Wie ist die Stimmungslage bei den Unternehmen?

Die Stimmungsindikatoren hatten sich im zweiten Halbjahr 2011 eingetrübt: Exporterwartungen, Produktionspläne, Lagebeurteilung, allgemeine Geschäftserwartungen und das Geschäftsklima insgesamt waren insbesondere im Verlauf des 2. Halbjahres 2011 rückläufig. Aber spätestens seit Anfang dieses Jahres haben alle Indizes wieder ins Plus gedreht und nun mehrere Monate in Folge zugelegt. Die Zeichen stehen damit weiter auf Expansion.

Anfang des Jahres gab es viel Unsicherheit bzgl. der weiteren konjunkturellen Entwicklung: Wie ist die Situation aus Sicht Ihrer Mitglieder jetzt nach dem ersten Quartal?

Unseren eigenen Umfragen zufolge erwarten die Elektrounternehmen auch dieses Jahr weiteres Wachstum. Zwischen Januar und Februar 2012hat die Produktion im Jahresvergleich um 5 Prozent zugelegt, der Umsatz um 4 Prozent. Zwar sind die Auftragseingänge um dreieinhalb Prozent gesunken. Das ist aber auch der Tatsache geschuldet, dass wir hier vor einem Jahr sehr hohe Zuwächse von einem Fünftel und mehr hatten.

Wie stark beeinflusst die Euro-Schuldenkrise unsere Industrie nach wie vor?

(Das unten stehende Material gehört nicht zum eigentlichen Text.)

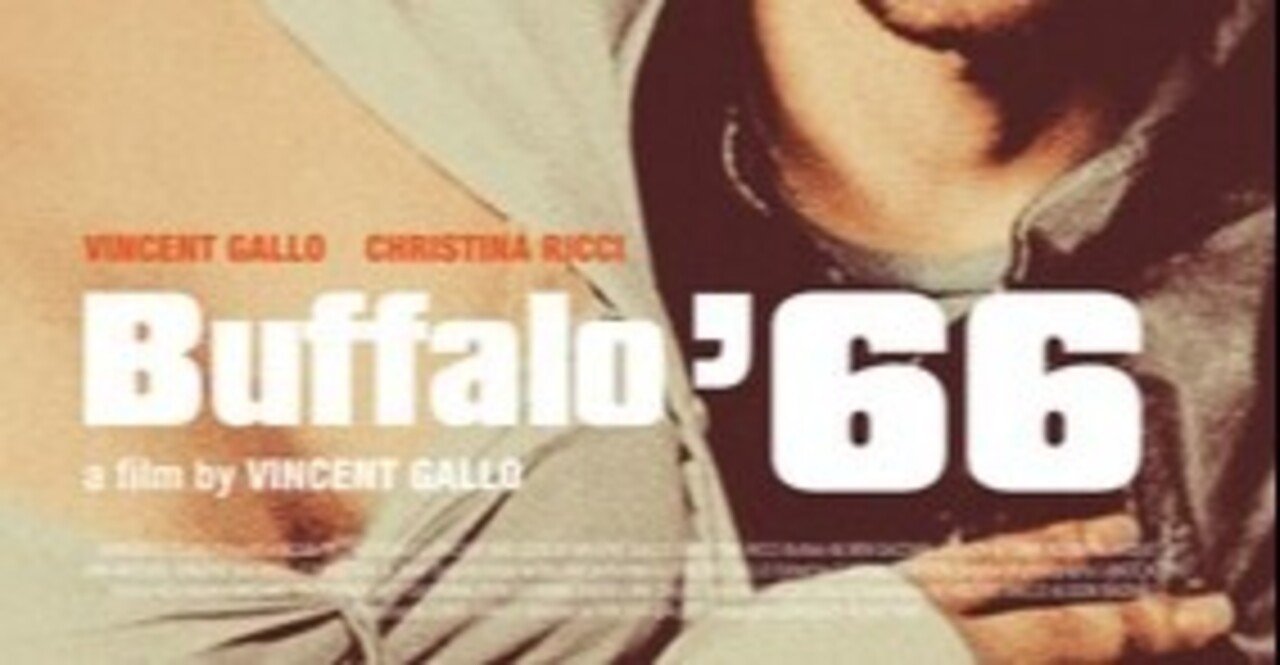 バッファロー'66』感想。｜やどかり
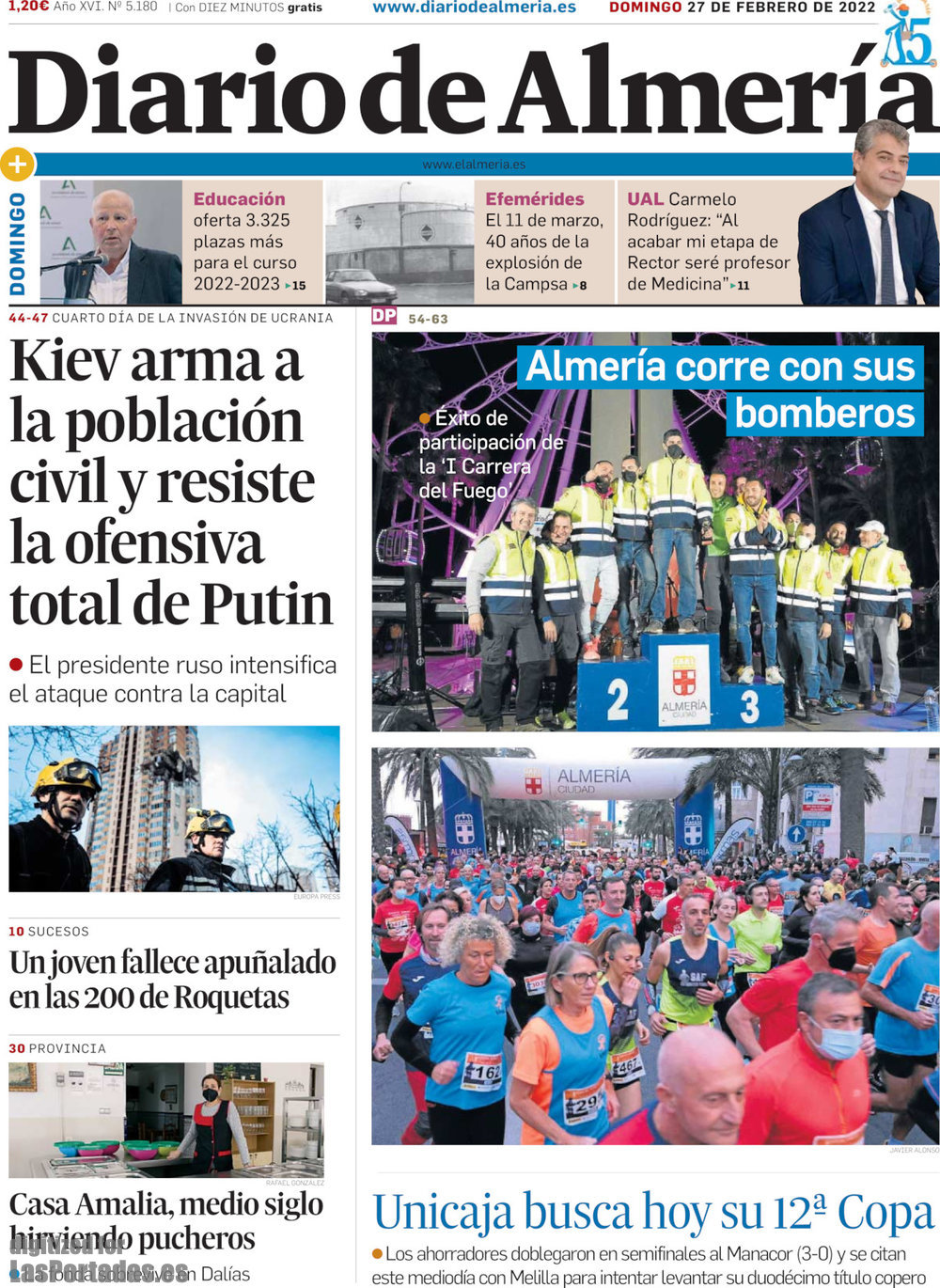 Diario de Almería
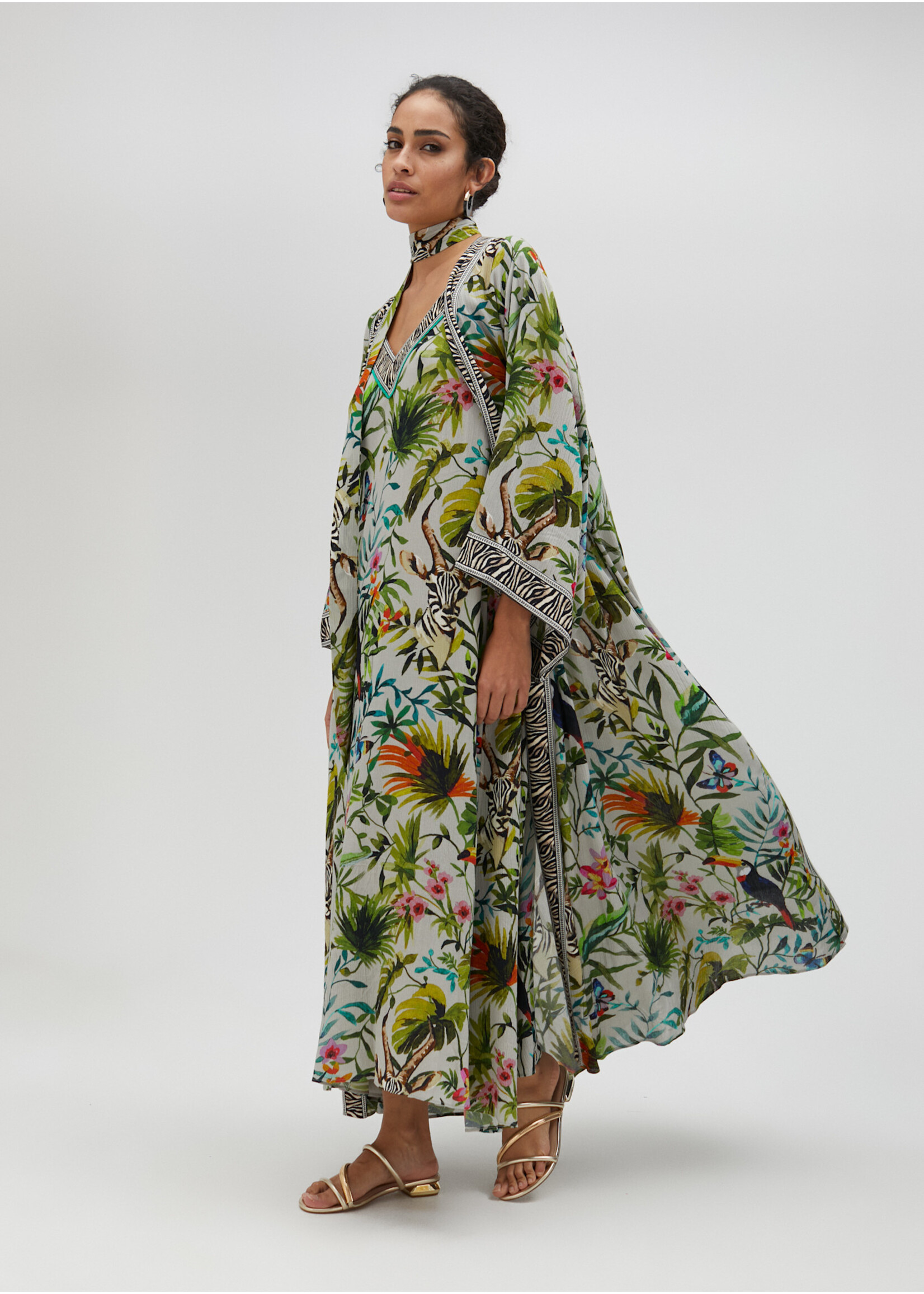 LS2516046 Kimono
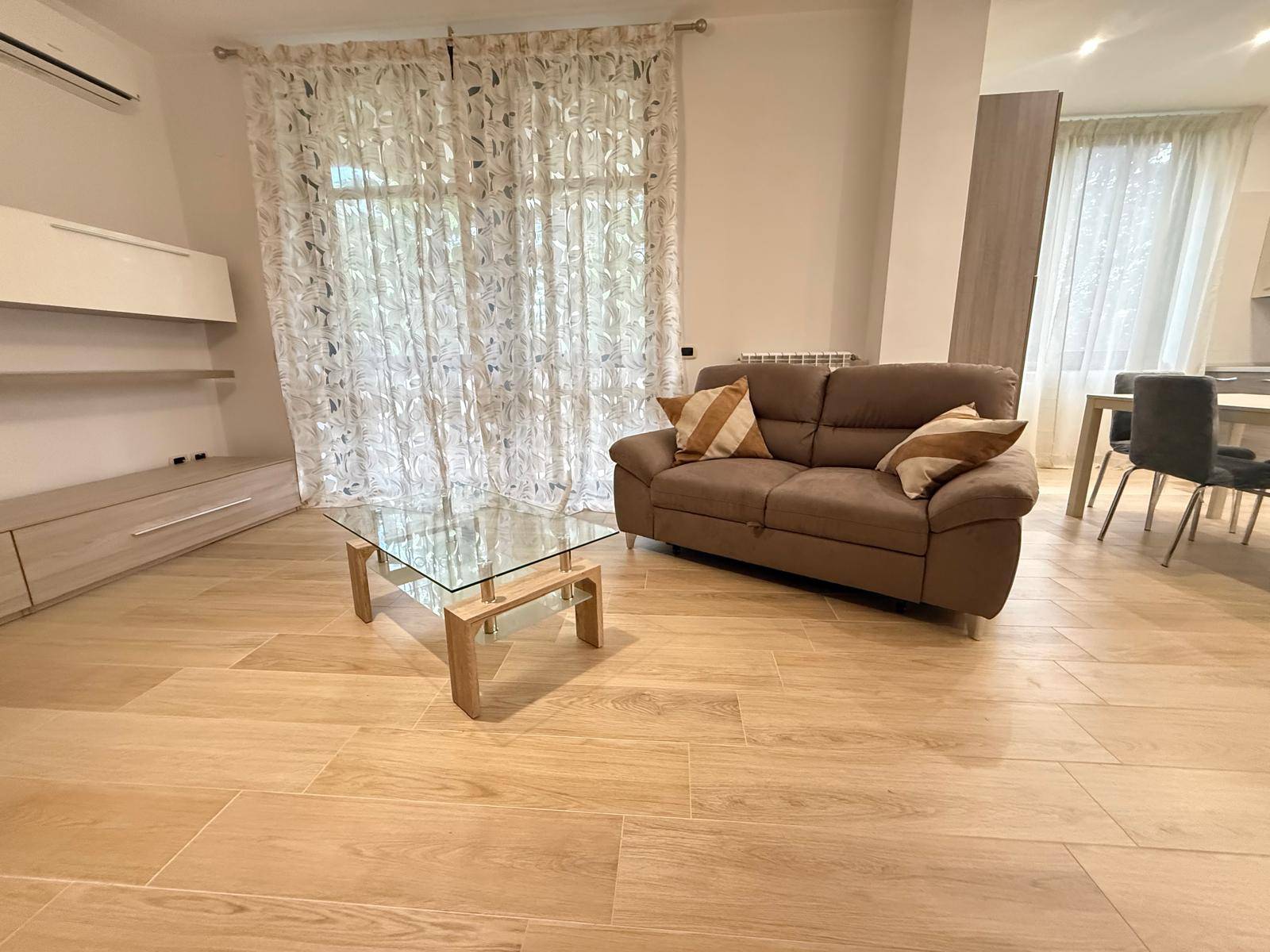 Appartamento in affitto a Caserta, Centro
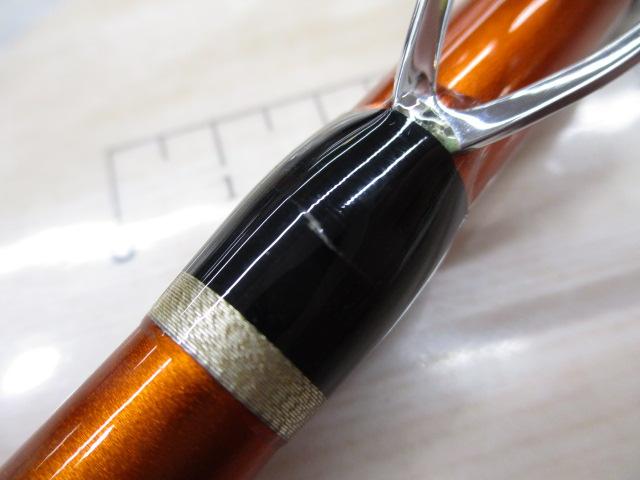 シマノBJS・イカセブン[IKA7]・ヤリイカ乗り調子・165+B　新品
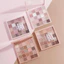 Bảng mắt 25 ô Gogotales Back To Reality Crystal Color Charming Eyes GT282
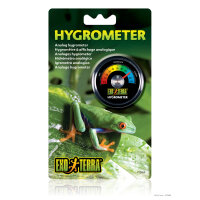 Exo Terra Hygrometer "Rept-O-Meter"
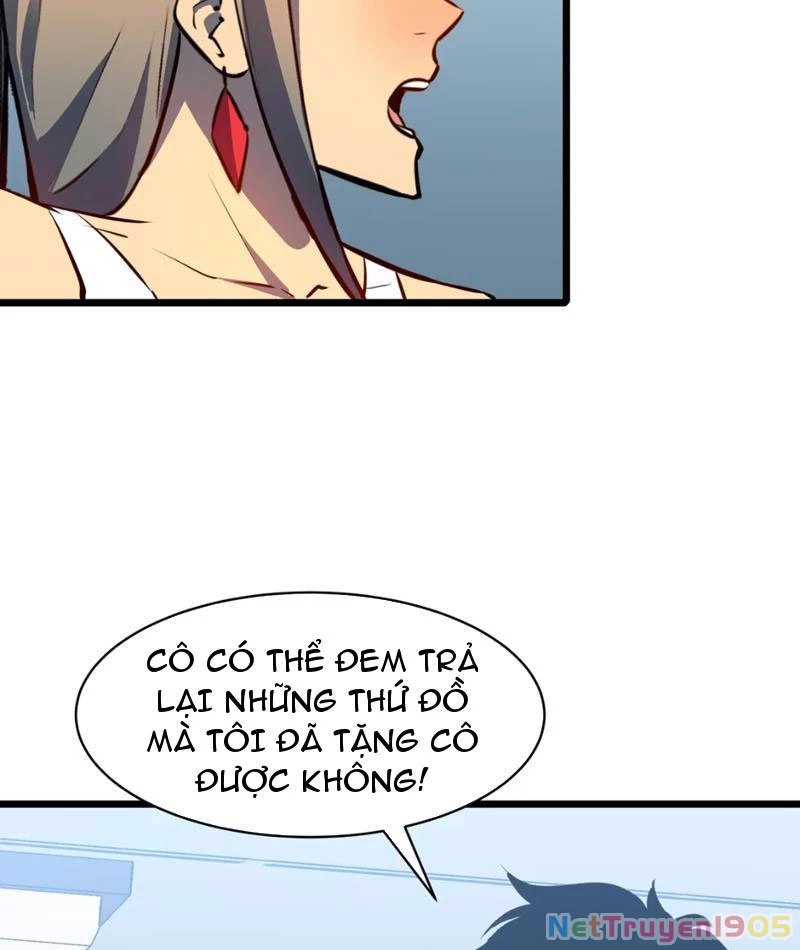 Dị Chi Long Vương Kháng Tất Cả Chapter 1 - 25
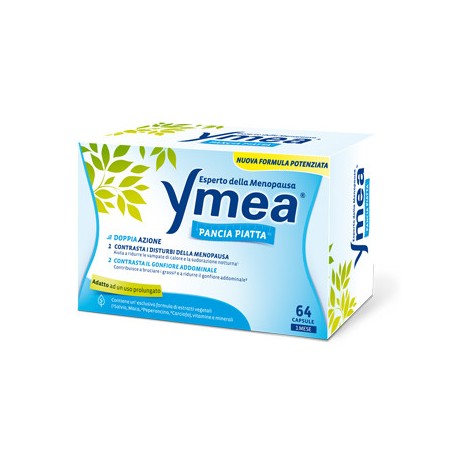 Ymea pancia piatta 64cps nf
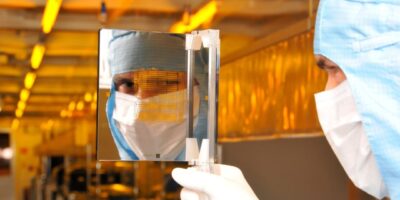 X-Fab looks to buy fabs as it sells out for the next three years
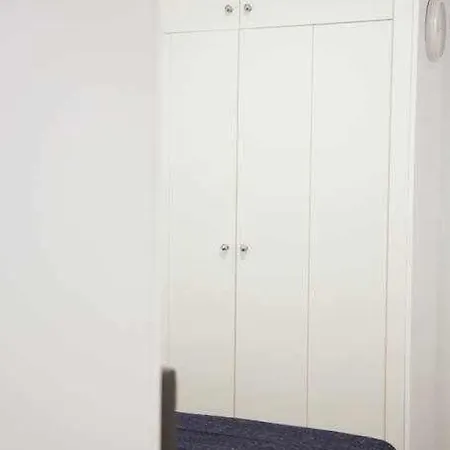 Comodo Y Agradable Estudio En Centro A5 Apartment Madrid
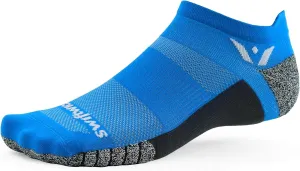 Swiftwick- FLITE XT ZERO Non-Slip Running Socks, Golf Socks, Ultimate Stability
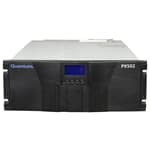 Quantum Tape Library PX502 4U Chassis FC 4Gbps 32 DLT Slots - PC-A18AC-YF B-Ware
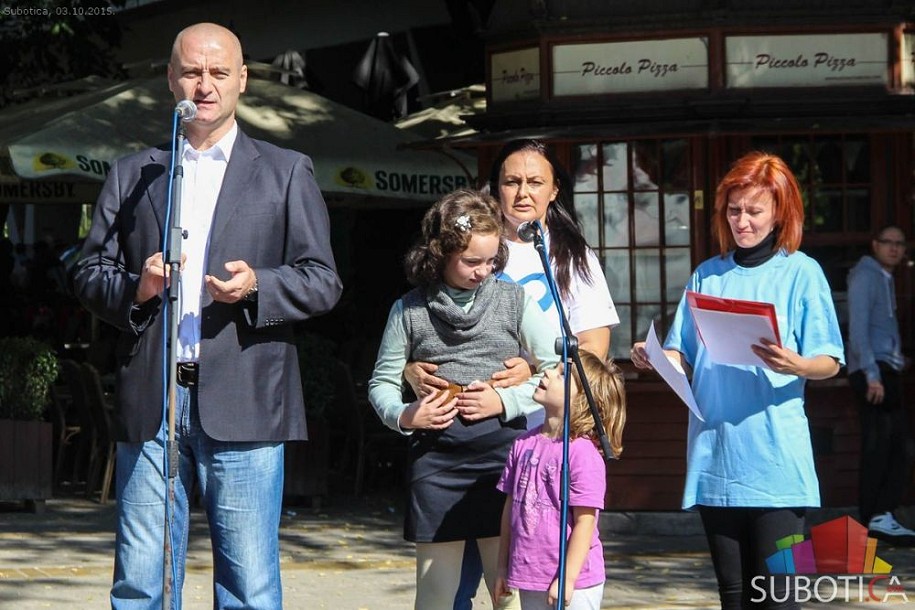 Održana sportska manifestacija "Sportski pozdrav"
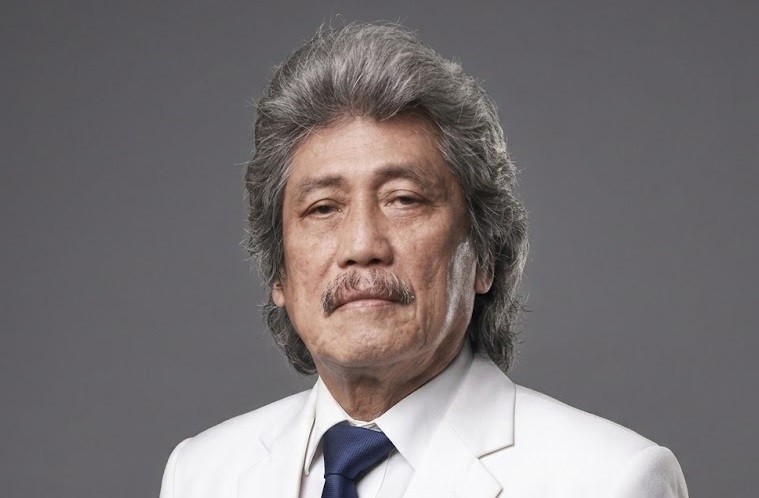 Sam Bimbo Bongkar Rahasia Panjang Umur di Usia 84 Tahun, Kebaikan sang Istri Jadi Kunci Sam Bimbo Bongkar Rahasia Panjang Umur di Usia 84 Tahun, Kebaikan sang Istri Jadi Kunci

Der Fall Griechenland war immerhin der erste Zahlungsausfall eines Industrielandes seit 60 Jahren. Die Entwicklungen in Europa sind nicht ohne Spuren geblieben. Wir setzen nach wie vor zwei Drittel unserer Ausfuhren in Europa ab, ein Drittel geht unmittelbar in die Eurozone. Insoweit hat Europa als Absatzmarkt ein sehr hohes Gewicht. Die Exporte in den Euroraum waren insgesamt gesehen letztes Jahr nur leicht - um ein Prozent - rückläufig. Betrachtet man aber einzelne Länder näher, zeigen sich doch deutlichere Differenzen: Unsere Ausfuhren nach Italien und Spanien zum Beispiel haben deutlich verloren: Die Exporte nach Italien gingen um 4 Prozent zurück, die nach Spanien um 9 Prozent. Kompensiert wurde das im letzten Jahr durch überdurchschnittliche Export-Zuwächse etwa in den BRICS-Staaten oder den USA.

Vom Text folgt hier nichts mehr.